La decisión de Felipe VI ha sido otro signo de estos tiempos insólitos que empezamos a encarar

Hay un detalle en apariencia circunstancial en la renuncia de Felipe VI a la herencia de su padre, el Rey emérito: el momento. Los maquiavélicos pueden pensar que el Rey ha tomado su decisión ahora para que el ruido mediático ahogue su eco. Bien podría pasar lo contrario. Nos pilla a todos deseando hablar de cualquier otra cosa y hasta nos tienta el manido juego de palabras que usted también tiene en la punta de la lengua. Además, nos sentimos identificados con ese lidiar suyo con otros problemas (¡con problemas familiares!) en medio de la vorágine del estado de alarma.

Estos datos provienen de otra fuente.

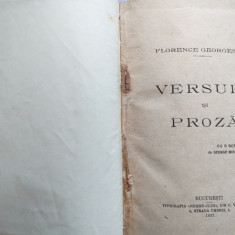 Versuri si Proza- Florence Georgescu, bibliofilie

Felipe VI ha decidido ponerse en cuarentena de cualquier conducta dudosa. Es una postura difícil. Es más fácil verlo ahora, encerrados como estamos en la analogía. Somos más conscientes que nunca de la dureza y el aislamiento que conlleva cualquier cuarentena tomada en serio.

La medida no sólo extraña por el momento: también jurídicamente. Según el artículo 991 de Código Civil, la renuncia a la herencia futura es nula. No tengo duda de que el rey y sus asesores lo saben de sobra. Se trata, por tanto, de una renuncia simbólica, que, en este caso, es mucho más real que el acto jurídico. Tiene mayor dureza, porque hablar de herencias implica una tácita muerte previa, que esta vez tampoco es fáctica, por fortuna, pero que comporta un estremecedor valor metafórico. Se entiende con un recuerdo trivial: un amigo comentó que le hacía ilusión ser vizconde, a lo que su padre le replicó: "Esa ilusión tuya conlleva dos muertes, la de tu abuelo y la mía. Es mucho más sano ceñir las ilusiones de uno a su propia vida". Hablar de herencias lleva adherido muy mal fario.

El corazón de hijo del hombre Felipe se habrá roto al tomar esta decisión, dictada por el deber del Rey en unos momentos que exigen una ejemplaridad civil muy acendrada. No ha sido una coincidencia temporal, sino el afán de fortalecer una institución y un prestigio moral que vamos a necesitar.

Por mucho que uno le aplauda el gesto regio, no puede olvidar el corazón del hijo. En cualquier otra circunstancia, se podría aceptar una herencia personal discutible para cambiar el destino del dinero. Pensemos en la de fundaciones que se pueden sostener gracias a unos millones de euros que así se redimirían la mar de bien. No será el caso, porque la majestad implica múltiples restricciones, que podemos -tan compleja es el alma- celebrar y lamentar a la vez.